How to restore grub with a live CD
I borked my primary boot device's grub installation last week because I wanted to start Windows 7 to play some LAN games. Windows 7 wouldn't boot from grub, so I thought I'd install a new grub version. I reinstalled grub before regenerating the config file and rebooted. Too bad the Arch packages don't handle that for you, as I was used to in Debian.

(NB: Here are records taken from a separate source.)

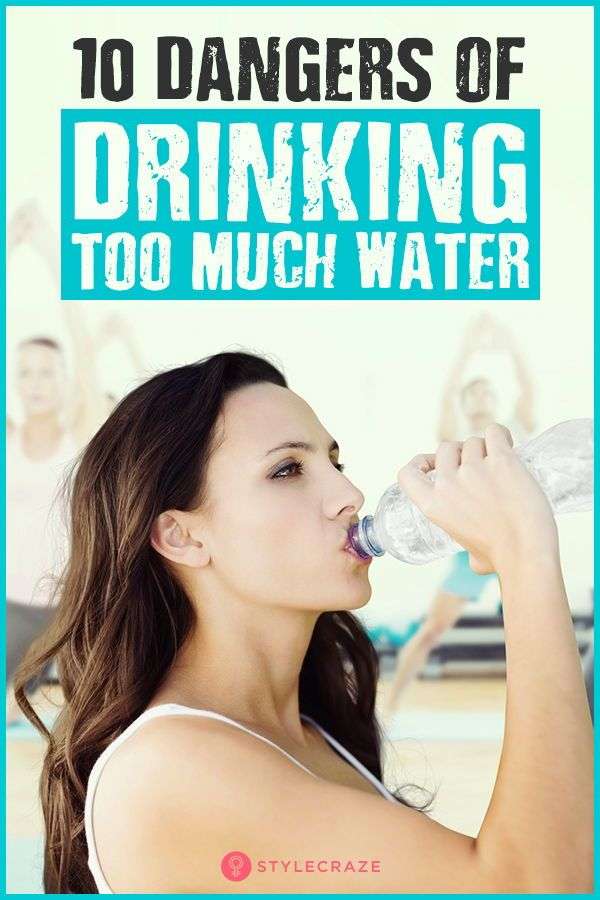 10 Dangers Of Drinking Too Much Water  How To Treat And Prevent Water ...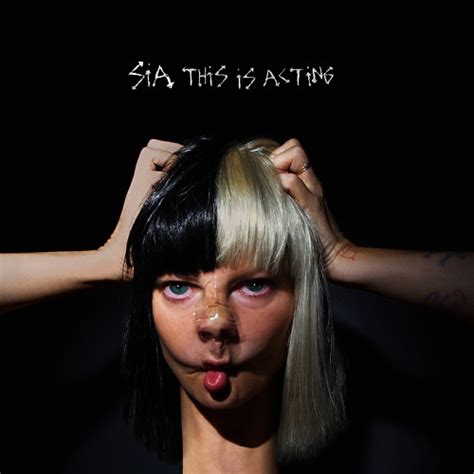 Albums of the Year: Sia - This Is Acting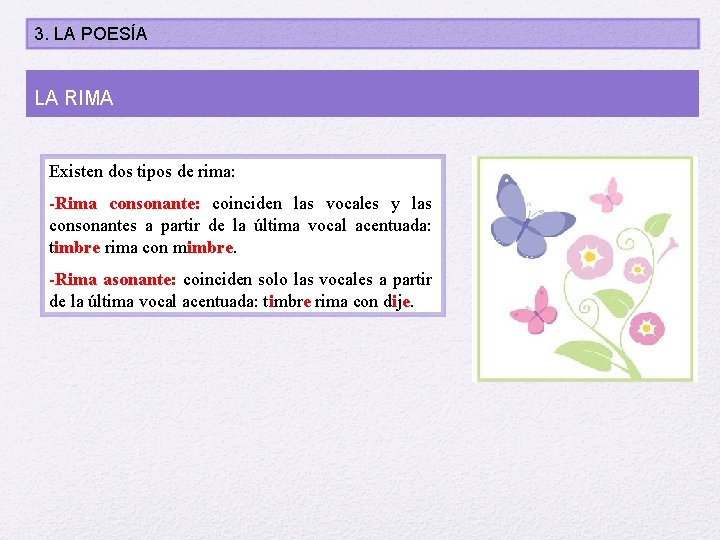 3. LA POESÍA LA RIMA Existen dos tipos de rima: -Rima consonante: coinciden las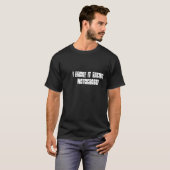 Ik heb het Racing Motocross gebroken! T-shirt (Voorkant volledig)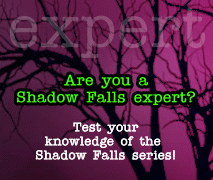 shadow falls expert quiz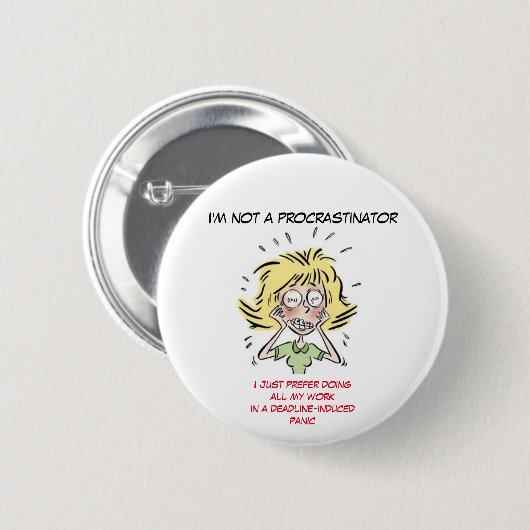 Funny Stress Woman Procrastinator Ronde Button 5,7 Cm (Voorkant /achterkant)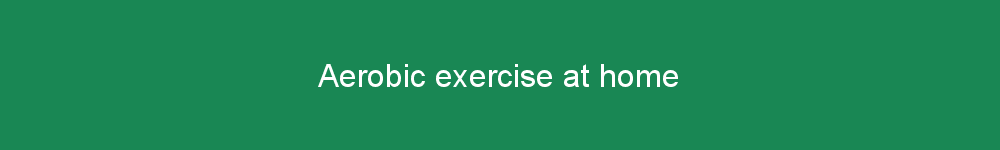 Aerobic exercise at home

This caused the grub to fail booting both Windows and Arch, so I resorted to changing my primary boot device in the BIOS.
Now, one week later, I decided to fix it, and as I can never recall by heart what the steps to take are, here's a recipe, pretty much for my own convenience.
I'm running Arch Linux currently, but the same principle should work for any Linux flavour you might be using.
Recipe
- Boot from whatever live CD you have lying around
- Login in a shell
- Create a local mount point for your hard disk's root device (eg
/mnt/root
) Mount the root partition onto that mount point
#!shell # mount /dev/sda1 /mnt/root
Mount the device system
#!shell # mount -o bind /dev /mnt/root/dev
Mount the proc file system
#!shell # mount -t proc none /mnt/root/proc
Change root
#!shell # chroot /mnt/root
Make sure the boot partition is mounted, if you have one.
#!shell # mount /boot
Regenerate grub config
#!shell # grub-mkconfig -o /boot/grub/grub.cfg
Reinstall grub
#!shell # grub-install /dev/sda
Reboot and enjoy.
#!shell # shutdown -r now
Of course, you need to substitute the device names with your own.